Records from a data source:
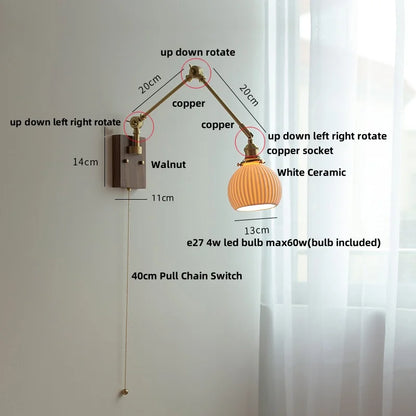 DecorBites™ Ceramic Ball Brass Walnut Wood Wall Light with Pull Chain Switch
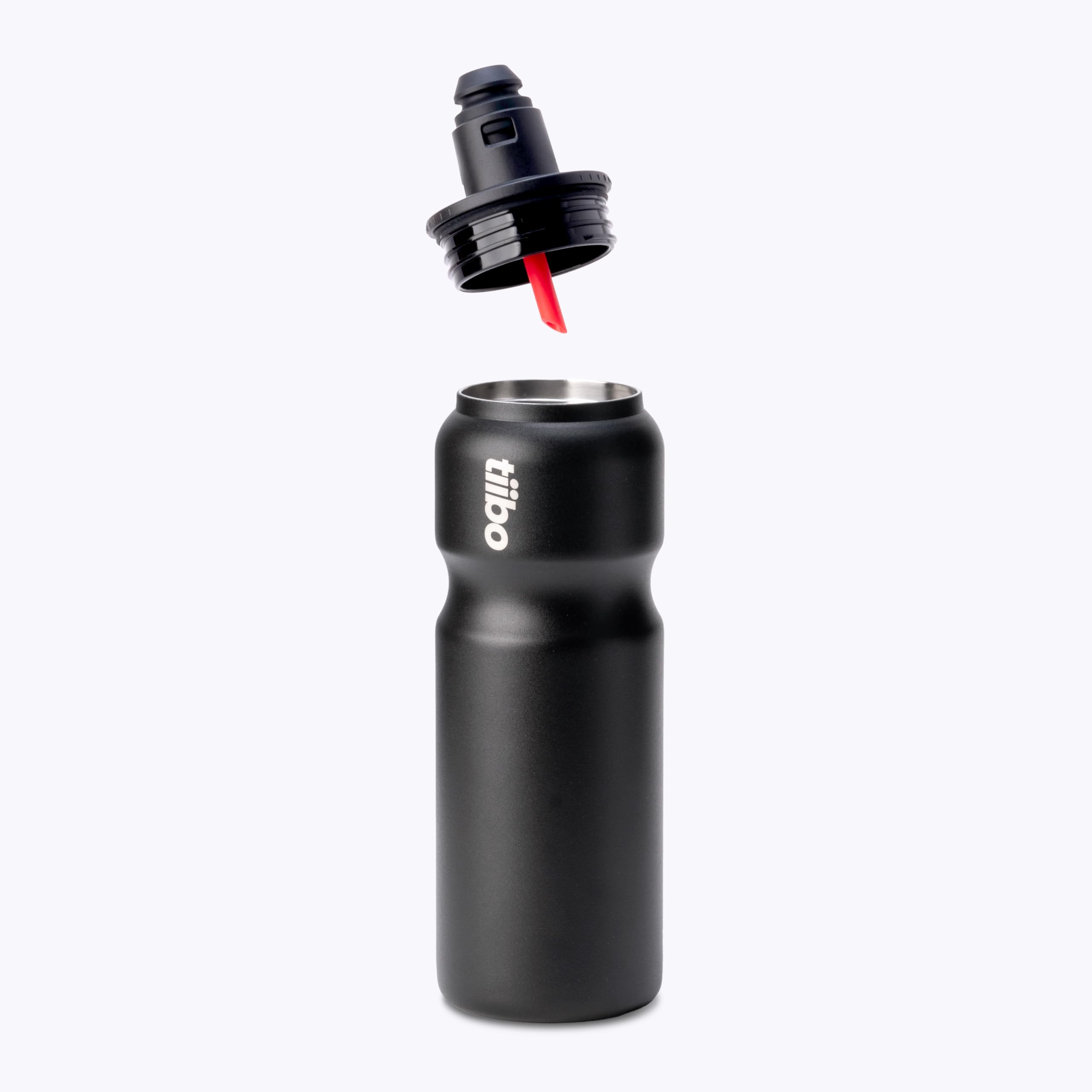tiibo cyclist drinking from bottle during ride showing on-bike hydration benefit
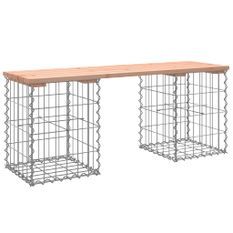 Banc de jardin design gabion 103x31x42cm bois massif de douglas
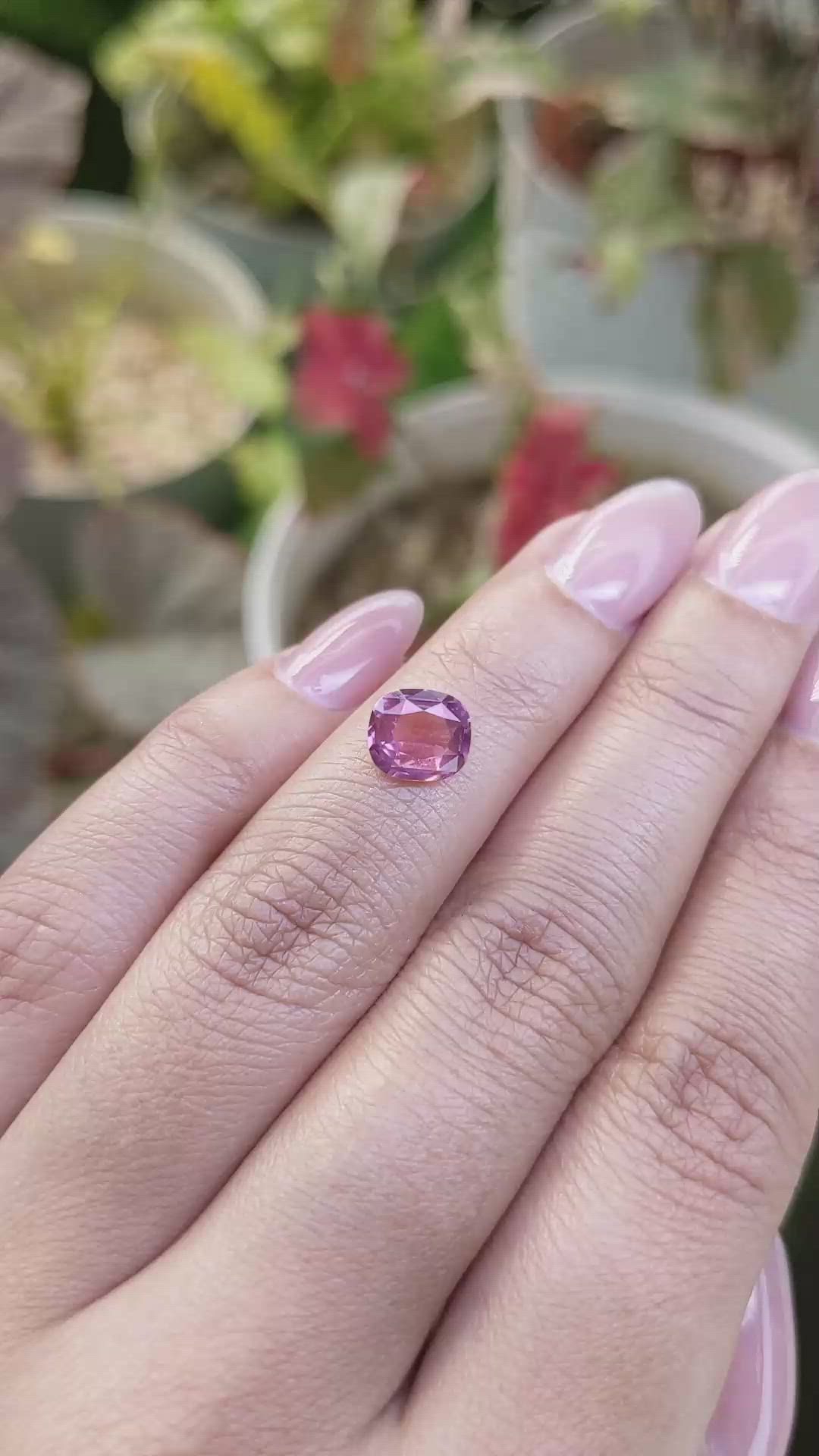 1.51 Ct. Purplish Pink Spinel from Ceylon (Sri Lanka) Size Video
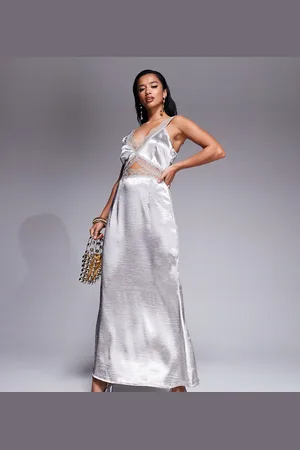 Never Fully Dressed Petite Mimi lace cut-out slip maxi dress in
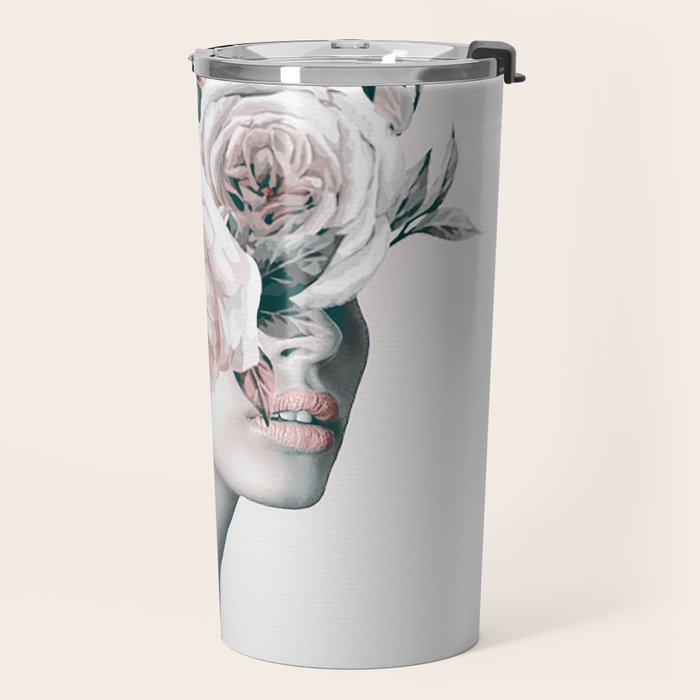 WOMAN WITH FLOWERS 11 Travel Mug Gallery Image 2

Task to complete:
All of the records above are to be printed exactly, with every picture omitted.

Written response:
 DecorBites™ Ceramic Ball Brass Walnut Wood Wall Light with Pull Chain Switch
tiibo cyclist drinking from bottle during ride showing on-bike hydration benefit
 Banc de jardin design gabion 103x31x42cm bois massif de douglas
 1.51 Ct. Purplish Pink Spinel from Ceylon (Sri Lanka) Size Video
 Never Fully Dressed Petite Mimi lace cut-out slip maxi dress in
 WOMAN WITH FLOWERS 11 Travel Mug Gallery Image 2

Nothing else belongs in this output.